La vita in città era impegnativa, ricca di sollecitazioni: «Andiamo la sera all’Opera, corriamo la notte al ballo»
108. Si frequentavano i teatri per stare in società.
Nel Teatro Ducale
109, disposto «all’italiana» con la platea a ferro di cavallo e i palchi soprastanti, non esistevano le file di poltrone che siamo abituati a vedere oggi, in platea, ma solo qualche panca. Il teatro rimaneva tutto illuminato, anche durante gli spettacoli. Gli spettatori passeggiavano, chiacchieravano, discutevano, amoreggiavano.
«...Suppongo che la troverei ottima [la musica], se potessi udirla; ma la platea è pazza o ubriaca, o piuttosto tutt’e due le cose assieme. Non vi può essere nulla di più disperante, e nello stesso tempo di più impertinente, del rumore che essa fa; peggio del mercato. Non basta che tutti discutano con quanta voce hanno in corpo, e applaudano con grandi boati, non i canti, ma i cantanti, appena appaiono in scena, e finché dura il loro canto, senza ascoltarlo; i signori della platea sono anche muniti di lunghi bastoni fessi, con i quali picchiano con tutta la forza sui banchi in segno di ammirazione: hanno dei corrispondenti nella quinta fila di palchi, i quali, a questo segnale, lanciano a milioni fogli contenenti un sonetto stampato in onore della signora o del virtuoso che ha cantato… Più chiasso si fa e più grande è il trionfo»
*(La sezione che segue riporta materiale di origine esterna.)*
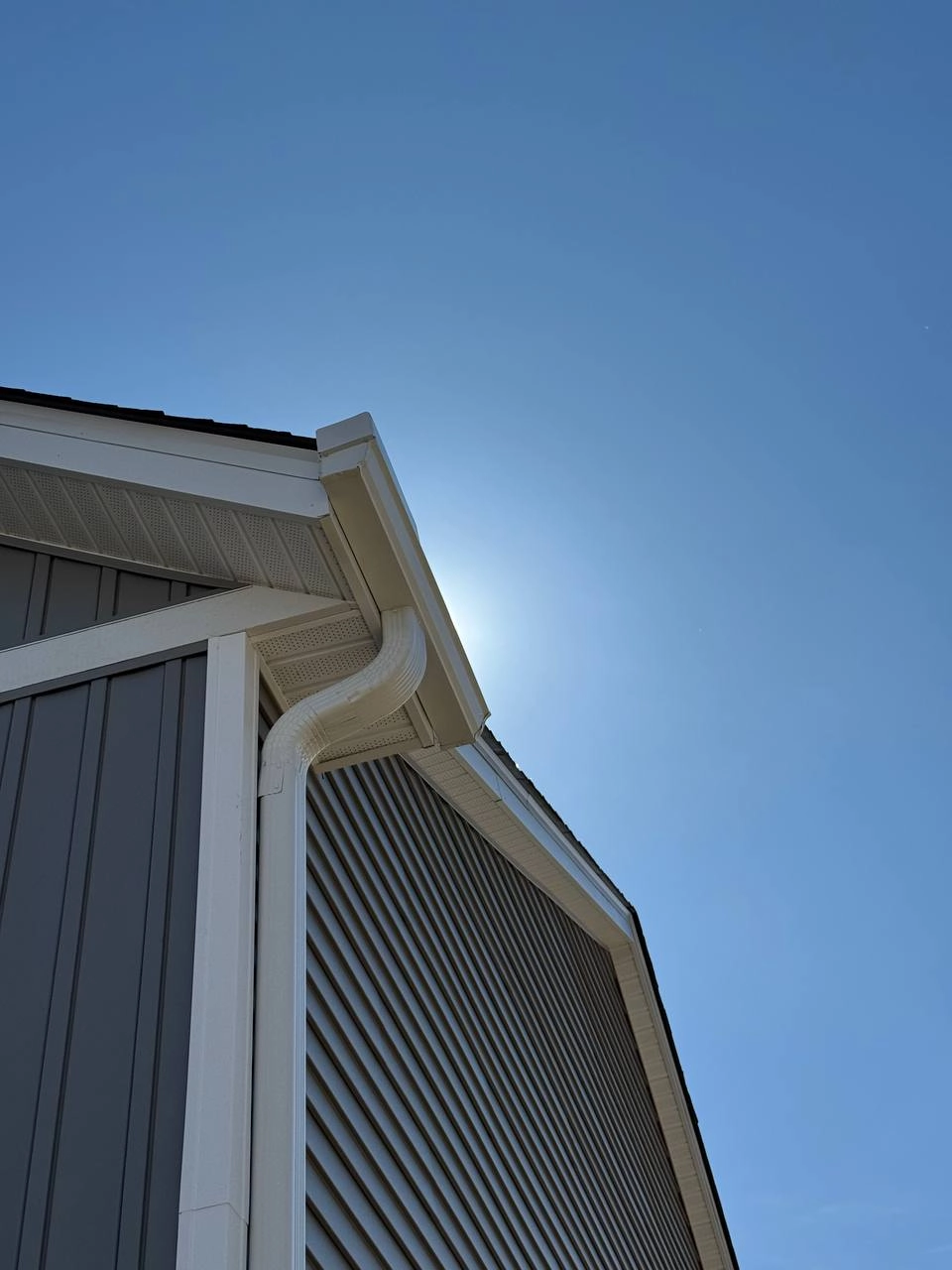 Close-up of seamless gutter corner and downspout on Woodbury home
110. Al pubblico più popolare della platea e del loggione si contrappone il pubblico elegante dei palchi, ma dappertutto si vedevano persone intente in svariate attività, che poco avevano a che vedere con la rappresentazione musicale: alcuni impegnati a leggere, molti a conversare, altri ancora occupati in gare di seduzione e di tradimento; c’era chi giocava d’azzardo e chi invece ne approfittava per cedere al sonno.
Nei palchi, si poteva mangiare, bere, ricevere gli amici, talvolta seguire perfino lo spettacolo. Tutta la società milanese gravitava intorno al mondo dell’opera.